The War of 1812 occurred during the administration of William Hawkins. France and Great Britain, fighting on the high seas, had been a threat to American peace for a number of years. With the impressment of American seamen, the balance against Great Britain led to a declation of war by Congress on June 18, 1812. The militia was organized in several counties and fortifications along the North Carolina coast were reinforced. With 15,000 men on the militia rolls, Governor Hawkins found no difficulty in furnishing the 7,000 artillerymen, cavalrymen, infantrymen, and riflemen requested by U.S. President James Madison.

== War of 1812 ==
British naval vessels and privateers harassed coastal shipping throughout the War of 1812. As the federal government was unable to spare enough troops or ships to protect the coast, the militia assumed most of the burden for its defense. The British sent landing parties ashore at several places. In November 1813 three barges of armed men from the British privateer Mars captured several American vessels anchored at New Inlet. The British were foiled by the militia, which managed to capture one barge and drive off the others. Governor Hawkins later requested, but failed to receive, federal assistance in building and manning forts to protect the state from another invasion. In another large raid in October 1814, this time against Currituck Inlet, the British captured three ships and burned three more but left as the militiamen arrived.

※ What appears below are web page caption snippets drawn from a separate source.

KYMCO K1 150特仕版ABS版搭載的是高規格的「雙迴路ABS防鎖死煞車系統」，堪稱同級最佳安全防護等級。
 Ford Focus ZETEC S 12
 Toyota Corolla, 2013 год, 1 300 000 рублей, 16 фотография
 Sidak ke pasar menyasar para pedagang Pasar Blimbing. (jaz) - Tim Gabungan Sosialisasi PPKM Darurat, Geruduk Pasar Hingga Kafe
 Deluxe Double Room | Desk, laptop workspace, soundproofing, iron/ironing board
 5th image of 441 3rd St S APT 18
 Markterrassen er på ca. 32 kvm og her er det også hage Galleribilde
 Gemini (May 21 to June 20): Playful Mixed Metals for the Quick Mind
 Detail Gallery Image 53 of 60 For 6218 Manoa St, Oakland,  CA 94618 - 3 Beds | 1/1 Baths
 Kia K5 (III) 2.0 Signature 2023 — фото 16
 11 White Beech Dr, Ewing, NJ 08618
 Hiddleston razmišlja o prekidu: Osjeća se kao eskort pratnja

In the most serious attack against North Carolina during the War of 1812, Portsmouth and Ocracoke Island were occupied in July 1813. A British fleet, consisting of a large warship and assorted smaller craft under Rear-Admiral George Cockburn, reached Ocracoke Inlet about 9:00 p.m. on July 11. In short order, the British seized Portsmouth on the south side of the inlet, Ocracoke on the north side, and Shell Castle in the middle. Although the British captured two privateers, the Anaconda and Atlas, the revenue cutter Mercury outran the enemy ships, reaching New Bern in time to thwart any surprise strike on the mainland. News of the British invasion spread, and militia companies from as far away as Raleigh quickly marched to guard New Bern and other coastal towns. The British remained at Portsmouth and Ocracoke Island until July 16, sailing before the militia companies could reach the coast.